舞姫（テレプシコーラ） (Maihime Terepushikōra)
- Genre: Ballet, coming-of-age
- Written by: Ryoko Yamagishi
- Published by: Media Factory
- Original run: June 23, 2001 – January 23, 2007
- Volumes: 10

Terpsichora Part 2
- Written by: Ryoko Yamagishi
- Published by: Media Factory
- Original run: June 23, 2008 – October, 2010
- Volumes: 5

= Terpsichora =

Japanese manga series

Terpsichora (舞姫（テレプシコーラ）, Maihime Terepushikōra), also known as Maihime Τερψιχόρα in Greek, is a Japanese manga series written and illustrated by Ryoko Yamagishi. The manga was awarded the grand prize for the 11th Tezuka Osamu Cultural Prize in 2007. Media Factory published the 10 tankōbon volumes of the manga between June 23, 2001, and January 23, 2007.

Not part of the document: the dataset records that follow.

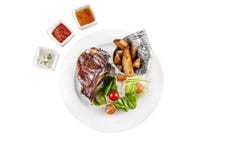 Fried entrecote with French fries on the white plate stock images Fried entrecote with French fries on the white plate stock images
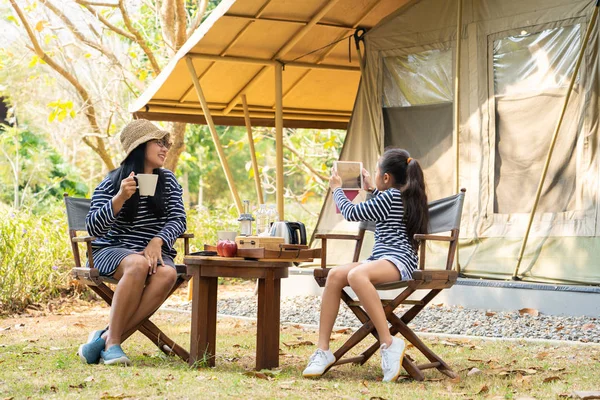 Happy asian family enjoy camping outdoors, Mom and daughter sitt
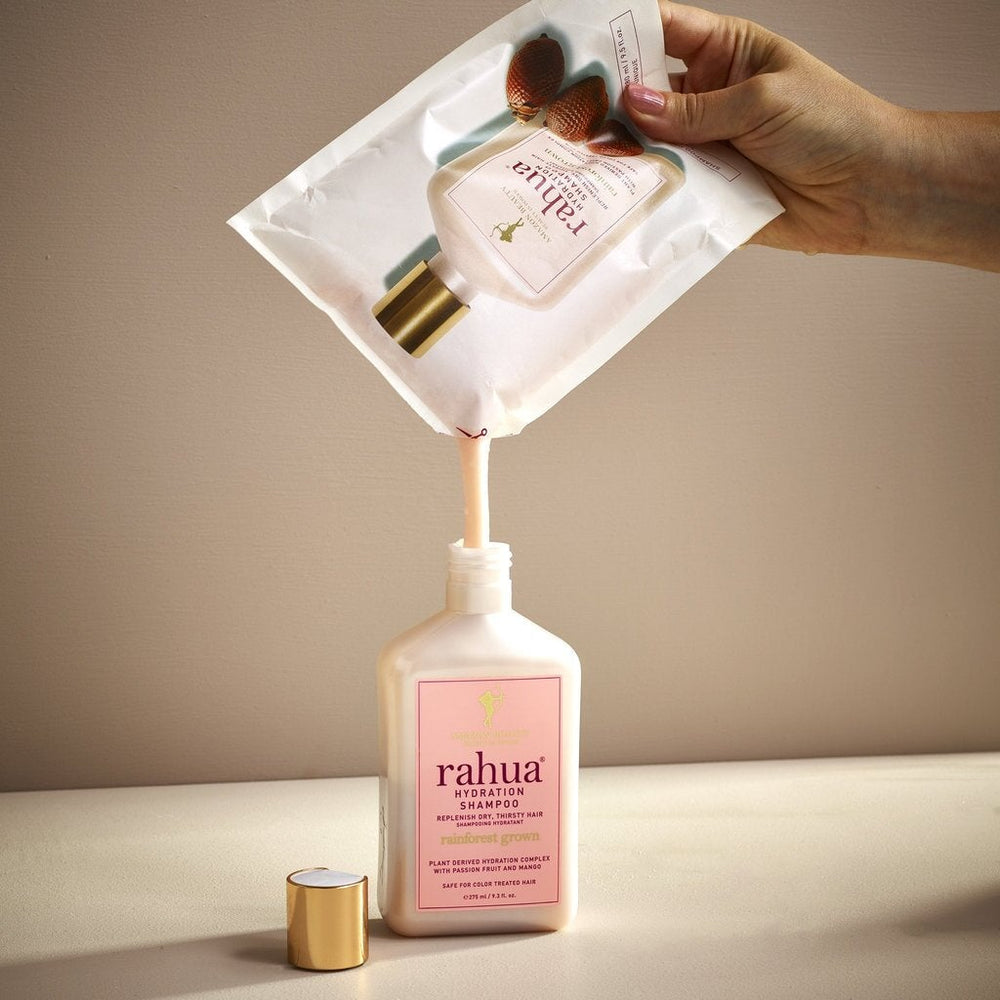 Hand holds Rahua Hydration Shampoo Refillpouch and pours the contents into the bottle.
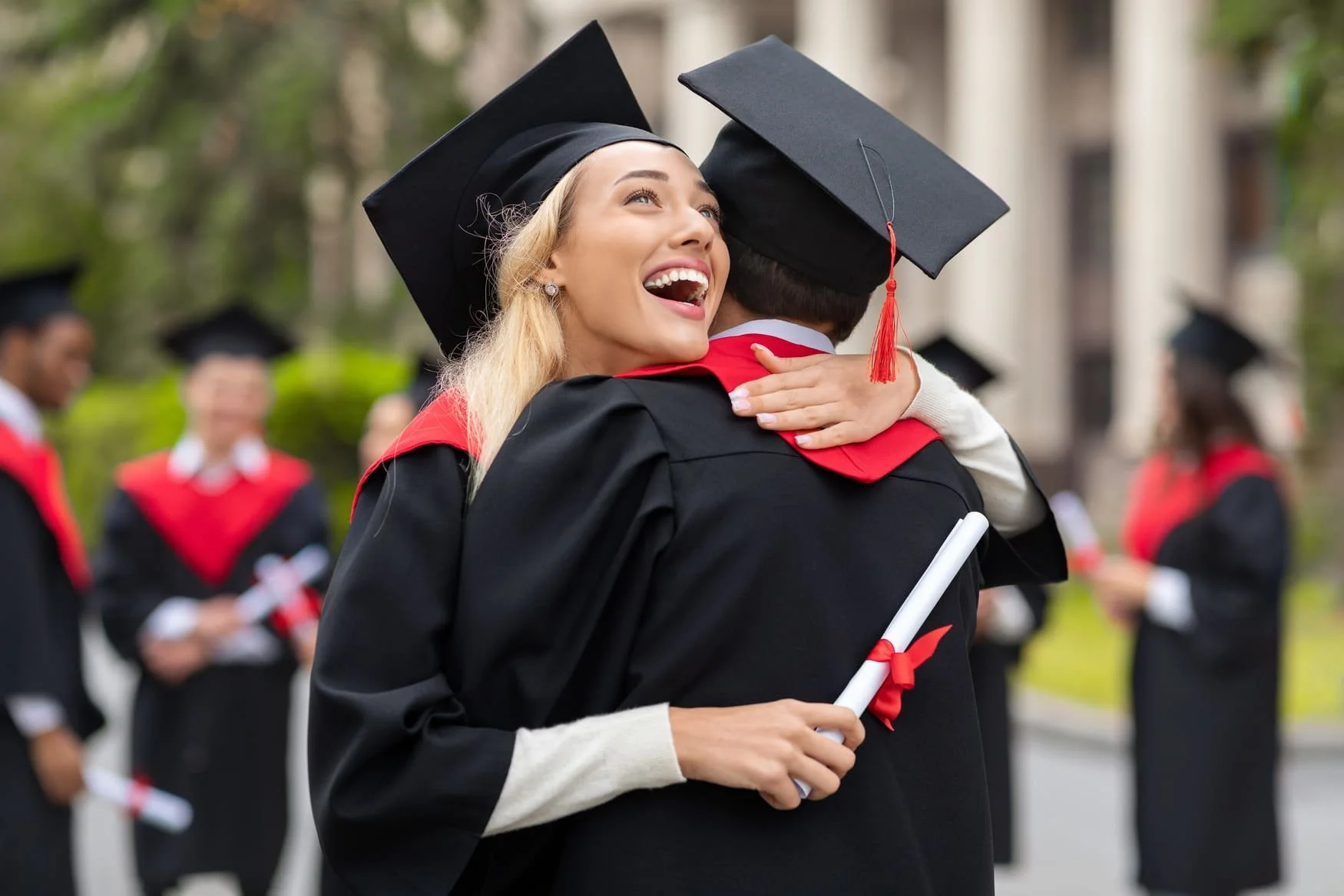 Two delighted graduates in caps and gowns hug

Ryoko Yamagishi also wrote a sequel, titled Terpsichora Part 2 (舞姫（テレプシコーラ） 第2部, Maihime Terepushikōra Dai Ni Bu). Media Factory has released the first tankōbon volume on July 23, 2008. Media Factory released the fourth volume of the manga on July 23, 2010. The second volume of Terpsichora Part 2 was ranked 10th on the Tohan charts between March 24–30, 2009. The fourth volume of Terpsichora Part 2 was ranked 18th and 19th on the Tohan charts between July 19, 2010, and August 1, 2010.